359 Views Asked by At

I have netflow data from previous month in files per 5 minutes and I would like to do a packet profile of all this traffic. I need percentage representation of 1 packet flows, 2 packet flows etc. It is possible to do it in categories like 1 packet flow, 1-100 packet flows, 100 and more... Its not so important. But my question is how to do it. How to do percentage representation of data which I can't add together? Something like do percentage representation for every file and then do some type of average from it?

2

There are 2 best solutions below

0
On

It sounds like you're describing a histogram: You create 'bins' of the size you describe with the raw counts. The sum of the counts for the bins is the total number of sessions. To get the percentages of the total traffic, you just normalize by dividing each bin by the total flow count.

So, if you do a two-bin histogram where the first bin is the count of all sessions with < 100 packet flows and the other 100+ packet flows (note that there can't be gaps or overlaps), and it works out to 30 flows in the former and 60 in the latter, then the total number of flows is 90, and you have 33% of the flows being fewer than 100 packets.

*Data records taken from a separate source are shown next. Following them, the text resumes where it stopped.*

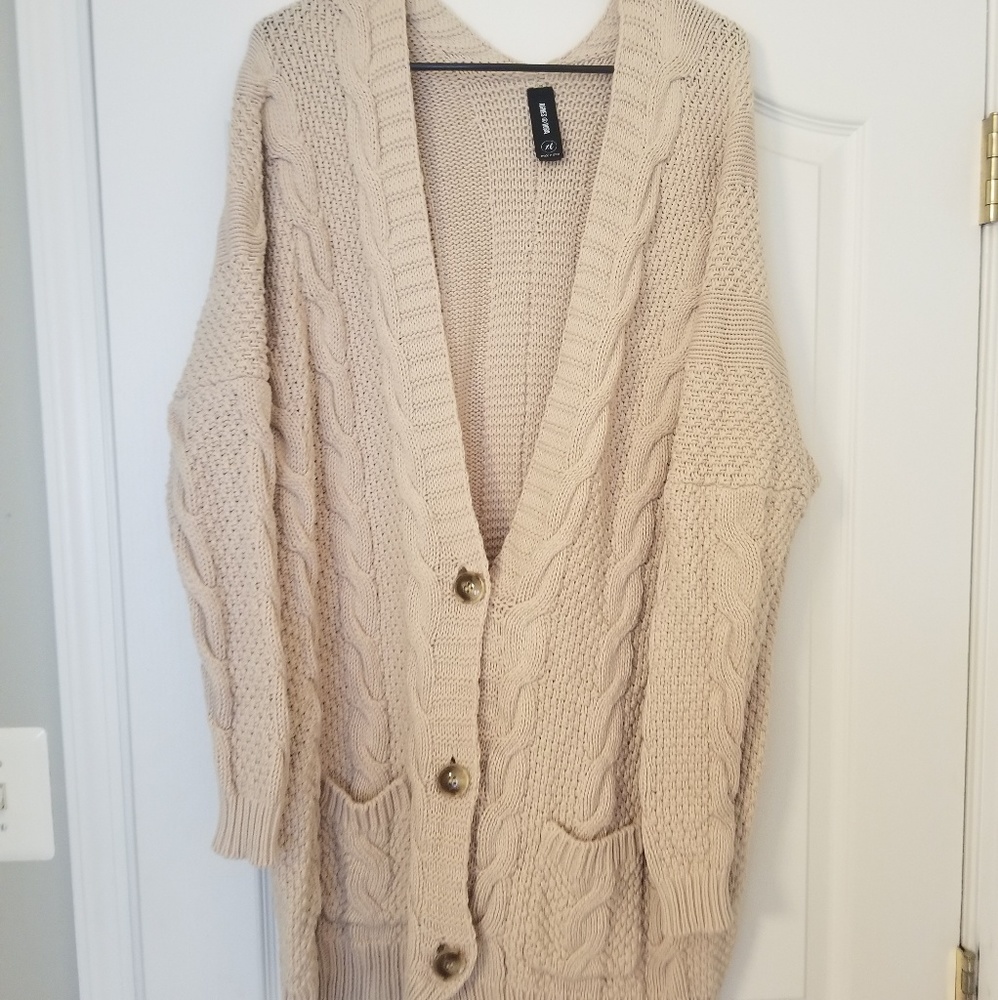 EUC AGNES & DORA XL CREAM BOYFRIEND CARDIGAN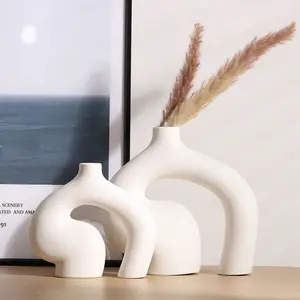 Jarrón decorativo minimalista de estilo nórdico bohemio Ins para el hogar, jarrones de flores de cerámica blanca para decoración moderna del hogar
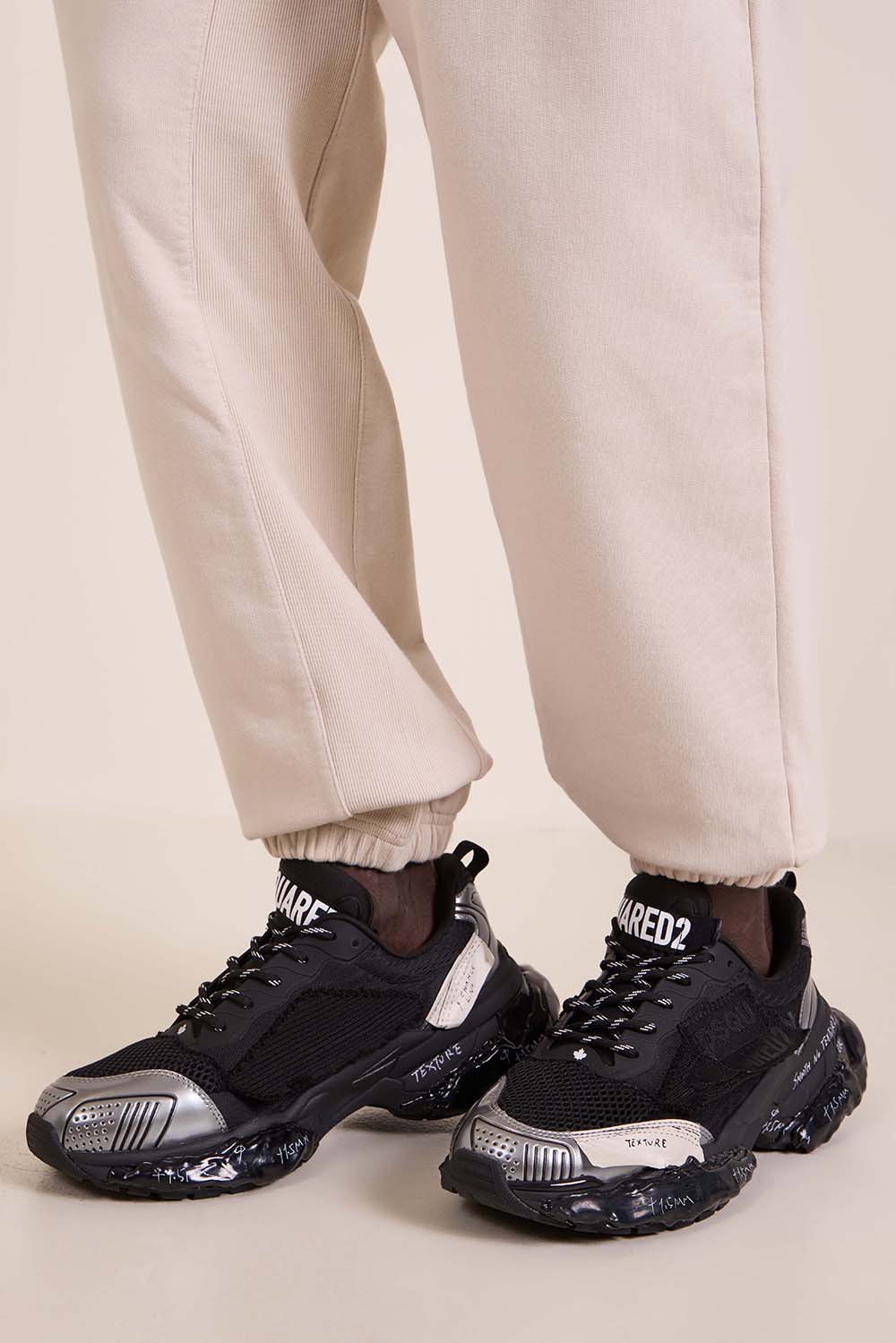 תמונת כל הלוק של נעלי סניקרס פאסטר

When working with multiple files, the trick is to always use the same bin delineations and to store and work with the raw counts as long as possible and only derive the %s as the very last step. You can add together histograms with no trouble as long as their bins mean the same thing, and then when you normalize the result, you have for each bin the total percent for all files. If you're going to need to add a file, just keep track of the raw counts so that you can re-normalize when there's new data.

You can do this in a tool like Matlab pretty easily, but be careful because many of these tools will very kindly auto-determine bin widths for you. So, the histogram for one file might have bins {x < 100, 100 <= x < 200, x >= 200} and another file, {x < 90, 90 <= x < 180, x >=180} and you won't be able to add the results together.

0
On

What do you mean with "I can't add together"? Actually you can do that with nfdump, if you look at the manual: -R expr /dir/file1:file2 Read all files from file1 to file2. For istance

nfdump -R /yournetflowfolder/nfcapd.201204051609:nfcapd.201204051639

will gather NetFlow informations from 16:09 to 16:39. Then you can do whatever query you need on that data.